[WHAT IS EXPECTED] What is needed is every line of the data that includes the word "notebook". Please copy each one.

[DATA SUPPLIED Boundary: Start]

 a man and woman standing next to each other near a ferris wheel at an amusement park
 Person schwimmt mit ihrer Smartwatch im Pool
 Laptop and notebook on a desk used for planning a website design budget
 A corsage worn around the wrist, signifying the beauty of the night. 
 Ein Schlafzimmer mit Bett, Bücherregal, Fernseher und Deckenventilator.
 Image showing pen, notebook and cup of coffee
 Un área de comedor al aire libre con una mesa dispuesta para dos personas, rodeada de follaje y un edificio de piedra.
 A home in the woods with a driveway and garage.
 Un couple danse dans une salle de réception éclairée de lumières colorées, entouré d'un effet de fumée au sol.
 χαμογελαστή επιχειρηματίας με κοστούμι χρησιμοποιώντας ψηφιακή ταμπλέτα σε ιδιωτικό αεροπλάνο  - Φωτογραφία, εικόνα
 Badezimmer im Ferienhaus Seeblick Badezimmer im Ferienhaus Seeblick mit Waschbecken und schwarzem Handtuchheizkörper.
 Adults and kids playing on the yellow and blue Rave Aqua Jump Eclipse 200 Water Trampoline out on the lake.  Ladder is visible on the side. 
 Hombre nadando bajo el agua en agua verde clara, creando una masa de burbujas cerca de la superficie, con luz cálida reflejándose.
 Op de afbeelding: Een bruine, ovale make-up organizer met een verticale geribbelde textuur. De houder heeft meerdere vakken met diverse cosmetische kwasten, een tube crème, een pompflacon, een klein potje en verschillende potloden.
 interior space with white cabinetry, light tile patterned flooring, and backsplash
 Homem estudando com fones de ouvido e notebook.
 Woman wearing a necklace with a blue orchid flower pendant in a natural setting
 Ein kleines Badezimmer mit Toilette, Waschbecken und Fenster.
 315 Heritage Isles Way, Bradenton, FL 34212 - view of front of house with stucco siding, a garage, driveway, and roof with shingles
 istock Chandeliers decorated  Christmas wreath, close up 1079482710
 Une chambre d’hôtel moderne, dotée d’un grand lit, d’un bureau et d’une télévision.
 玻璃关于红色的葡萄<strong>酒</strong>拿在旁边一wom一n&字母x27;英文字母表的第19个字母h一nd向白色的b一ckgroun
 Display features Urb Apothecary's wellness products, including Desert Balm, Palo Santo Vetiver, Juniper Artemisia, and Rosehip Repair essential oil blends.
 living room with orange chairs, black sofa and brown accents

[DATA SUPPLIED Boundary: End]

[OUTPUT FOR THIS TASK]
 Laptop and notebook on a desk used for planning a website design budget
 Image showing pen, notebook and cup of coffee
 Homem estudando com fones de ouvido e notebook.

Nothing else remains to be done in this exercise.